Evaluation of electrochemical and bioactive performance of tailored TiO2 nanotubes for orthopaedic application

The nanostructured surfaces are assumed to perform the fundamental roles in bone regeneration process as bone by itself is having the nanometer regime with structural hierarchy. Specifically electrochemical anodization process is used to develop well aligned nanotubes on titanium surface. The factors such as anodization time, voltage, electrolyte, pH can be adjusted to attain well aligned and round opening titanium nanotube arrays (TNTA). The purpose of the current research is to investigate the influence of anodization time as a protocol. The surface morphological features of TNTA-1 h, TNTA-1.30 h and TNTA-2 h were studied using SEM and ATR-FTIR spectrum. After annealing the TNTA samples, the conversion of the samples to anatase crystalline phase was established over XRD analysis. The contact angle measurement was accomplished to understand the wettability nature of the surface.
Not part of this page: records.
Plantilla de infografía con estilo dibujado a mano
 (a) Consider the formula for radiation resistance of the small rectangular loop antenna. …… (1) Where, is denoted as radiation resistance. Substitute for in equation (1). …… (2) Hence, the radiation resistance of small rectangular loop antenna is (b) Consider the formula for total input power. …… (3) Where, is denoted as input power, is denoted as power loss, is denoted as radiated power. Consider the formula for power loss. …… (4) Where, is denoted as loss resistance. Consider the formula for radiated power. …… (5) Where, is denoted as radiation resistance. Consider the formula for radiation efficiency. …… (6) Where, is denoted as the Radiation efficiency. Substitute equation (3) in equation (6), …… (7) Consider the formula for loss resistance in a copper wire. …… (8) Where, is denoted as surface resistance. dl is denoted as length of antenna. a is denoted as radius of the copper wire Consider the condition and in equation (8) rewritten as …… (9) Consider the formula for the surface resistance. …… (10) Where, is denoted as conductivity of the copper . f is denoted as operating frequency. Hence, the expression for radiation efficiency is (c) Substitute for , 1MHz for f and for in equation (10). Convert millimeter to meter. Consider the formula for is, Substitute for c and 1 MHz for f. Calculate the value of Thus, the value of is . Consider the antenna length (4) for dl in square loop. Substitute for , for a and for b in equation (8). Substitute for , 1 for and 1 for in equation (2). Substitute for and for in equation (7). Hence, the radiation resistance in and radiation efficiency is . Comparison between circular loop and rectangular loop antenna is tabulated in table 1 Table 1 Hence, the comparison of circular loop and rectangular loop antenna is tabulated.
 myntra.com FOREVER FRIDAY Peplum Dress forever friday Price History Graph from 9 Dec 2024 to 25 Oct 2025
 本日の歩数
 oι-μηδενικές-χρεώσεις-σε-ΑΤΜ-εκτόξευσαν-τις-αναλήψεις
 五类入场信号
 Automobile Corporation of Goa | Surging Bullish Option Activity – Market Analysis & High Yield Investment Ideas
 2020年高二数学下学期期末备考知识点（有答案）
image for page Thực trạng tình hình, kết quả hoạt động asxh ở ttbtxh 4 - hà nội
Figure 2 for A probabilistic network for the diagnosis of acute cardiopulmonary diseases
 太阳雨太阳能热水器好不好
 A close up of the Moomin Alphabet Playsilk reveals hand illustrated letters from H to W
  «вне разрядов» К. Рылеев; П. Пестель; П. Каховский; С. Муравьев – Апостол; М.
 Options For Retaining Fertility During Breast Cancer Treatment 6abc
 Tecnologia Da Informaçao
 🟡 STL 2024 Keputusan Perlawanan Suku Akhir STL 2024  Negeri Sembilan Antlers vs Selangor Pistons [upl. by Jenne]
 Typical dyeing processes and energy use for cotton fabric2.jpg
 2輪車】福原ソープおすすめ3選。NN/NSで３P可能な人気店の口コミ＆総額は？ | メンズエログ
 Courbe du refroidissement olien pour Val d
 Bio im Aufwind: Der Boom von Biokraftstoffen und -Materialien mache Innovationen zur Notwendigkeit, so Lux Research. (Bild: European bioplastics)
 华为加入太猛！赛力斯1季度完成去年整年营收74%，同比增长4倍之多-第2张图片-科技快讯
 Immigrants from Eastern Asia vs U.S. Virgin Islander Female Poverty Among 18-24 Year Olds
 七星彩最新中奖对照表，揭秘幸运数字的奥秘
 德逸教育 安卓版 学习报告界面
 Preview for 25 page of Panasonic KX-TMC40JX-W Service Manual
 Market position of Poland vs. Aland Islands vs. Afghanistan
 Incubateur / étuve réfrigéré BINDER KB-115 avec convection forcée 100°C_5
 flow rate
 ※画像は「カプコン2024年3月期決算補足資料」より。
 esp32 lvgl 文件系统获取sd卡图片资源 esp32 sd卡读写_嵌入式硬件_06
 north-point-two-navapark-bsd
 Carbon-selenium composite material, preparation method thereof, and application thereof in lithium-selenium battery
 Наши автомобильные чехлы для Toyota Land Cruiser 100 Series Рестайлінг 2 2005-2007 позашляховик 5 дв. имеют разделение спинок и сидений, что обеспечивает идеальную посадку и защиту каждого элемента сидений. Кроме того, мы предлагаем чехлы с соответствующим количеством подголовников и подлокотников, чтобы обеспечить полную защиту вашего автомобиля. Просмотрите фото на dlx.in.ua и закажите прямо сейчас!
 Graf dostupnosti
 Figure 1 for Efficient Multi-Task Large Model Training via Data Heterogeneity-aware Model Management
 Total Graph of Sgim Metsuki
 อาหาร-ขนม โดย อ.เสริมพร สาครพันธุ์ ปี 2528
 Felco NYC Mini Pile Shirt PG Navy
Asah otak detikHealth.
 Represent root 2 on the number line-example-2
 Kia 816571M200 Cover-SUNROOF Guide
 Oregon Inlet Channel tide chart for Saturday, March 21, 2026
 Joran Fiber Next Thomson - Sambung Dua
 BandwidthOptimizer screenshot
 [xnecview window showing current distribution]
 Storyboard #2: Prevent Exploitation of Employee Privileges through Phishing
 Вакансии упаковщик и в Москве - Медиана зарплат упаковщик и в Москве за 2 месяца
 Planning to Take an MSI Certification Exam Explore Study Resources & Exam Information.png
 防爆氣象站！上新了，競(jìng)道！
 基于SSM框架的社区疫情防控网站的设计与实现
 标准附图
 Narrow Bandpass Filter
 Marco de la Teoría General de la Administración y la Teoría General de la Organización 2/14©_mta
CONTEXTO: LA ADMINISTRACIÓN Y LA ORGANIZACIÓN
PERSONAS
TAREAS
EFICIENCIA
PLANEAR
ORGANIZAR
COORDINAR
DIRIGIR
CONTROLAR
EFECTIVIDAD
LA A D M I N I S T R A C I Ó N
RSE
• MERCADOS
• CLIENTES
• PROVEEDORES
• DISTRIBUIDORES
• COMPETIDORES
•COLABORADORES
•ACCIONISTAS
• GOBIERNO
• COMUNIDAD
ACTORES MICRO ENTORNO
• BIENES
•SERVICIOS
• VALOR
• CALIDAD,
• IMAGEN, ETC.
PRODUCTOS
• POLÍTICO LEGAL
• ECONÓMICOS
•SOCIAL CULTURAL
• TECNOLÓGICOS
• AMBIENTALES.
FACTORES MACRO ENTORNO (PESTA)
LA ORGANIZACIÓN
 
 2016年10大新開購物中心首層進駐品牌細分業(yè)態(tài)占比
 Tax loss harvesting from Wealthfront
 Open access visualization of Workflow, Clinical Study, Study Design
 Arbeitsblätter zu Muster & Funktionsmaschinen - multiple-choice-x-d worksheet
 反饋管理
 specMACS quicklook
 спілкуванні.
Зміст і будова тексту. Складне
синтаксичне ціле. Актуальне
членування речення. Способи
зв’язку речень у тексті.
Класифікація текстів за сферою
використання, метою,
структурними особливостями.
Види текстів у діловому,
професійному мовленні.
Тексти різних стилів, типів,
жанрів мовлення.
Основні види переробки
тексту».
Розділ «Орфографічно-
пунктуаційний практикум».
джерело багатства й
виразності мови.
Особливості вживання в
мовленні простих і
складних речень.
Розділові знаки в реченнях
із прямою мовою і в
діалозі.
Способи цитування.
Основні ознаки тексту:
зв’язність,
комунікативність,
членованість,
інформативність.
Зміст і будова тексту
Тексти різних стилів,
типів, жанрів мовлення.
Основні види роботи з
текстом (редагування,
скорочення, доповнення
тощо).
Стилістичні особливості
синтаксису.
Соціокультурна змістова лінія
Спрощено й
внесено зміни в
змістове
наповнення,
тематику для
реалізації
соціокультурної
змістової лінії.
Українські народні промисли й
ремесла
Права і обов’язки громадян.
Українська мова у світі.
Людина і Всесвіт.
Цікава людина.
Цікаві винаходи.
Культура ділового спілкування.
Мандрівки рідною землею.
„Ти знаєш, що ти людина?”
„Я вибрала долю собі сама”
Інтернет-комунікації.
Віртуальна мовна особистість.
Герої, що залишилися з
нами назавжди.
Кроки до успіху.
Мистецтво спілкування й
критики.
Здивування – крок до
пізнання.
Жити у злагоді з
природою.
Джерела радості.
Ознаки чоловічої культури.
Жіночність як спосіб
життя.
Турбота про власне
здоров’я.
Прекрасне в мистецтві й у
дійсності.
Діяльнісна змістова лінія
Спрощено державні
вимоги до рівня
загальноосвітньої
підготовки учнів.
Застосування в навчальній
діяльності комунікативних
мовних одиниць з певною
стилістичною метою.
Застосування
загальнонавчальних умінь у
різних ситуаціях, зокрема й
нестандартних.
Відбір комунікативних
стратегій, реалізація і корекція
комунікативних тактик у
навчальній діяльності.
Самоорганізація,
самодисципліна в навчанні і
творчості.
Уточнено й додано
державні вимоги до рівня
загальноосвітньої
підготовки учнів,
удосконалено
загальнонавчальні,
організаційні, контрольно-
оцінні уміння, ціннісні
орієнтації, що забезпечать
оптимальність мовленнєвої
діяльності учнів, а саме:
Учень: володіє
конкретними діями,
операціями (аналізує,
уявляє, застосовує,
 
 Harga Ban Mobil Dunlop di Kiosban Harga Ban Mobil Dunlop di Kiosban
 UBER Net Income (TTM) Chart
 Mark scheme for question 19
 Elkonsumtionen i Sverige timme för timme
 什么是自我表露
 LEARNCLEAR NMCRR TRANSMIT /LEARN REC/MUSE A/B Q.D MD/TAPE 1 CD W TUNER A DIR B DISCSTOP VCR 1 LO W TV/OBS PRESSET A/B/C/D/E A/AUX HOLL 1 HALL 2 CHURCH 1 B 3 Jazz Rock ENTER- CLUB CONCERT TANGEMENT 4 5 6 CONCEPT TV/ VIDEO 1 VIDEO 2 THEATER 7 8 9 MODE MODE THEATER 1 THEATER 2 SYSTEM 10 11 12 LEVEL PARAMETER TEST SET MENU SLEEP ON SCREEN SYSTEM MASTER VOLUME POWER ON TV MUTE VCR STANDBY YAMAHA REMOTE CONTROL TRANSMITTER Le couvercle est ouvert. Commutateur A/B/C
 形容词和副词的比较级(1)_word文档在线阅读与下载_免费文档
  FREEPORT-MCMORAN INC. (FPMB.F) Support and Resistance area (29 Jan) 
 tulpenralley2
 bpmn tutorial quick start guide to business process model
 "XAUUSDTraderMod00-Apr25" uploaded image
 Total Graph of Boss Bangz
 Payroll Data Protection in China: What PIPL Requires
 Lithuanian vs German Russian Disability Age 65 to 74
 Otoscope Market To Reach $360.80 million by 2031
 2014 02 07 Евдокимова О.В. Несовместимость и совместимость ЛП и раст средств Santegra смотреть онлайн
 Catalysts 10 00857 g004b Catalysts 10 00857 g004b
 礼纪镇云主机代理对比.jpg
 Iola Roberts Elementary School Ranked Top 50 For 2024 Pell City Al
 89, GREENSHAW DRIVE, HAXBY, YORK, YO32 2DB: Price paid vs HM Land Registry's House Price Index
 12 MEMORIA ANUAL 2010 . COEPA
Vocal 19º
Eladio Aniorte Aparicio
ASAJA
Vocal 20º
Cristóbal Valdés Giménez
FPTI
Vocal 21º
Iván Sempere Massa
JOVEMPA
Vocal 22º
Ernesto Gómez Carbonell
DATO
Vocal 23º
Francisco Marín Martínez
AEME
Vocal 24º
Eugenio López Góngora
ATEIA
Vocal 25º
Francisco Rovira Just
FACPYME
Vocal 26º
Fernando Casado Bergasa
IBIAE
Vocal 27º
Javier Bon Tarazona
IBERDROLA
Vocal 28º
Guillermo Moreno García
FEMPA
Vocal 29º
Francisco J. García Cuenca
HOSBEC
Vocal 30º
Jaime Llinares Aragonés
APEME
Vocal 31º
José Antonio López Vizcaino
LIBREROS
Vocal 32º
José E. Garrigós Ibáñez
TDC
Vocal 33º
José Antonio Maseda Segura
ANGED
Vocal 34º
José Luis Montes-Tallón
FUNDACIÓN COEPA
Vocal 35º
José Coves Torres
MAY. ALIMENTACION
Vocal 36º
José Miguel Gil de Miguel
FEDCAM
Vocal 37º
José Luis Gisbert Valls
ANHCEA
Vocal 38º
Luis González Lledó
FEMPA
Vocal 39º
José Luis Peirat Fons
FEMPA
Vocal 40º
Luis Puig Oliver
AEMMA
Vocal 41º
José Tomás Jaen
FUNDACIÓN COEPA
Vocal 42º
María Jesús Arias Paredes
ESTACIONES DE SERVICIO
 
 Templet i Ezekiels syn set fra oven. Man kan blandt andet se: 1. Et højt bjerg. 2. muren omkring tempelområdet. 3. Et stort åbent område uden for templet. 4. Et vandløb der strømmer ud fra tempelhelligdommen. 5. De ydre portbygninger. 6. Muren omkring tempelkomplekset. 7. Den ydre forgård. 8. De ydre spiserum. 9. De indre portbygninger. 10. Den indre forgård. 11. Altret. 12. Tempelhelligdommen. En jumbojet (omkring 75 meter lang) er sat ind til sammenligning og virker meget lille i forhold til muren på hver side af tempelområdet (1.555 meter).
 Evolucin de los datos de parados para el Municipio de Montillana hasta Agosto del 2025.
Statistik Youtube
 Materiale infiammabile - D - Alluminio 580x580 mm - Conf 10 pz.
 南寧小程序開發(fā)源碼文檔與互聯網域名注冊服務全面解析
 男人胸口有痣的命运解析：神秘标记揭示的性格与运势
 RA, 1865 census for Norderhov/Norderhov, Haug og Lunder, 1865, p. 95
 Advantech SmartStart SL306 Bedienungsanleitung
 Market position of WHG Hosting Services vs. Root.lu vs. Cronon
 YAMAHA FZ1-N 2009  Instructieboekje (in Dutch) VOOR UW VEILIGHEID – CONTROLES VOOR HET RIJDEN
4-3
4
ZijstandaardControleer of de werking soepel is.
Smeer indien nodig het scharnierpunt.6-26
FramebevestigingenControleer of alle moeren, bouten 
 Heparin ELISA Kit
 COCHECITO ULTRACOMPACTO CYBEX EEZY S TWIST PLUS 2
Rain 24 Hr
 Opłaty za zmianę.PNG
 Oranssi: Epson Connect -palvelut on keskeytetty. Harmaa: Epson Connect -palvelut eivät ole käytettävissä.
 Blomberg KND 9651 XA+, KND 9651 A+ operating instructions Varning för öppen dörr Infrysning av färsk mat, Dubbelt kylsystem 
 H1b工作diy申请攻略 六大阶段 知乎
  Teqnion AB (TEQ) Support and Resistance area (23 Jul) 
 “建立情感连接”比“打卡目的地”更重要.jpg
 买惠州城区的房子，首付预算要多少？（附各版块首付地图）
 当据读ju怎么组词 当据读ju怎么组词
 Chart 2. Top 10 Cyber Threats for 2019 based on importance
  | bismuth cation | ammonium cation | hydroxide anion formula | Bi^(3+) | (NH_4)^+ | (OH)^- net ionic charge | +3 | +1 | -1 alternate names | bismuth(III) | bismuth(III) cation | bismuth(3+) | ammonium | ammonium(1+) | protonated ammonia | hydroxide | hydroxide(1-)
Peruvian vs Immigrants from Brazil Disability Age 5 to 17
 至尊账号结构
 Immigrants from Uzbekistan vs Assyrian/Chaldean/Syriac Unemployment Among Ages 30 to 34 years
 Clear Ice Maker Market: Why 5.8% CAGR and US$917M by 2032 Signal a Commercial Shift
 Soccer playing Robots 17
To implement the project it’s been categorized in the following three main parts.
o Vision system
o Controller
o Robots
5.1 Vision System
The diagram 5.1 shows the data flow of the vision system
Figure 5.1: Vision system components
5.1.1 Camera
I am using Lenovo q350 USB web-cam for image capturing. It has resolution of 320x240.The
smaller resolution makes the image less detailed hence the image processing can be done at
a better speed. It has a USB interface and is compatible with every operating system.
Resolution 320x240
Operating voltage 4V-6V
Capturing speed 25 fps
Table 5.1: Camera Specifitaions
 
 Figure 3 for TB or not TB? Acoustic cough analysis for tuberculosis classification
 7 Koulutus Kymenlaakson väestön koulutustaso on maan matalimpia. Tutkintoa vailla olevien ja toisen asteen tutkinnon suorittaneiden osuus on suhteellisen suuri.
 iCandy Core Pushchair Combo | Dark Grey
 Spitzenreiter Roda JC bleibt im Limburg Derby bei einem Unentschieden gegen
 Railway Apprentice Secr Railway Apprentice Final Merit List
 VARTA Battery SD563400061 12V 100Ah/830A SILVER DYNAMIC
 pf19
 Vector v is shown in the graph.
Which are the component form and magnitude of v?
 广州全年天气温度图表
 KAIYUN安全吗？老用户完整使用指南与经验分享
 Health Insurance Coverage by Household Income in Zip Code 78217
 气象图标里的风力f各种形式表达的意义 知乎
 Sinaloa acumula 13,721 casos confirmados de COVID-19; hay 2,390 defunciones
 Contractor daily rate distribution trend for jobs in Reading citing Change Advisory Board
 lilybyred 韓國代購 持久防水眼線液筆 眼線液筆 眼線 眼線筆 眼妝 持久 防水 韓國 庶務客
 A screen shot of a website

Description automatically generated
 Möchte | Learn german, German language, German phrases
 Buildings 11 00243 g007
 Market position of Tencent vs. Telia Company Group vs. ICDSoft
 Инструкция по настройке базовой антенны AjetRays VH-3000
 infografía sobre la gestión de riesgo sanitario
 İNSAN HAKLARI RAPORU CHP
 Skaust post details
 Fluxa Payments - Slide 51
The corrosion resistance of TNTA samples was established with electrochemical impedance spectroscopic studies (EIS) and potentiodynamic polarization studies. On observation, the nanotubes tailored after 2 h anodization is having the potential to resist the corrosion activity at high range. The in-vitro immersion studies were carried out in synthesised Hanks' solution for 7 days and the growth of apatite formation was assessed with SEM and ATR-FTIR characterization studies. Cell culture studies were carried out in all the samples and the appropriate cell viability and proliferation were analysed. Overall on investigation, the better performance of TNTA-2 h as an orthopaedic implant material was confirmed through corrosion studies, in-vitro and cell culture studies respectively.